Чуткость поэта, художественная честность его, его пророческий дар проявляются не только в том, какие слова он произносит. Быть может, с еще большей обнаженностью, и остротой сказываются они в тех словах, которые поэт не в силах произнести.
Ахматова и в самом деле очень ясно представляла себе, «что ныне лежит на весах и что совершается ныне». Слово «Россия» так и не сорвалось с ее губ. Она слишком хорошо знала: того что она привыкла называть этим именем, больше нет и не будет. Надо спасать детей, пытаться защитить жизнь от разрушения и смерти. Но при чем же тут Россия? От России осталось лишь одно, последнее достояние, которое имеет смысл беречь и защищать: русская речь. Тот великий, могучий и свободный язык, который для Тургенева был единственной надеждой и опорой в те минуты, когда его одолевали тягостные сомнения, мучительные раздумья о судьбах родины. Для Ахматовой этот язык уже не был ни надеждой, ни опорой, помогающей верить в великое будущее того народа, которому он был дан. Для нее он был ценностью отнюдь не относительной, но самодовлеющей. Последней драгоценностью, которую у нее еще не сумели отнять.
Но может быть, тут все дело в поколении, к которому принадлежала Ахматова? В особой, поистине трагической судьбе этого поколения, жизнь которого оказалась на изломе двух разных эпох? Может быть, человек, родившийся несколькими десятилетиями позже и потому всецело принадлежащий новой России, уже не ощутит этого разрыва? Может быть, в его сознании обе России — старая и новая — сольются в одну? И новая будет естественным и законным продолжением старой?
Что ж, выслушаем человека иного поколения, иной судьбы. Человека, который младше Ахматовой на целых сорок лет:
Было бы лицемерием говорить о любви к Родине. Та Россия, которую я люблю, в природе не существует. Ее нет — и, может быть, никогда не было. Россия, которую я вижу, мне ненавистна.
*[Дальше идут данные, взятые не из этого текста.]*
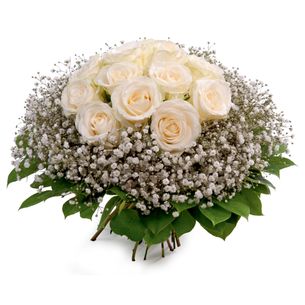 Fleurs deuil Bouquet rond de roses blanches Deuil POMPES FUNEBRES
Но есть последняя драгоценность, которая у меня еще остается, — русский язык... Русский язык — это и есть для меня мое единственное отечество. Только в этом невидимом граде я могу обитать.
Новейшая психиатрическая доктрина учит, что бред умалишенного не отгораживает его от мира. Напротив: это его способ искать связь с миром. В моем одиночестве я знаю только один способ ломиться наружу. Безумие мое бредит по-русски.
(Борис Хазанов)
У Зощенко был свой способ «ломиться наружу», искать связь с миром. Его безумие бредило на том языке, который звучал вокруг него.
Был ли этот язык русским?
Во всяком случае, это был не тот русский язык, который навеки хотела сберечь Анна Ахматова. И не тот, о котором Борис Хазанов говорит как о последней драгоценности, которая ему еще осталась.
Ходасевич презрительно обозвал этот новый язык «советским говорком». Предсмертное письмо Маяковского больше всего шокировало его именно тем, что оно было написано на советском говорке. Находясь у врат смерти, по его мнению, пристойнее было бы не прибегать к этому малопочтенному жаргону («Хотел бы свой предсмертный стон облечь в отчетливую оду...»).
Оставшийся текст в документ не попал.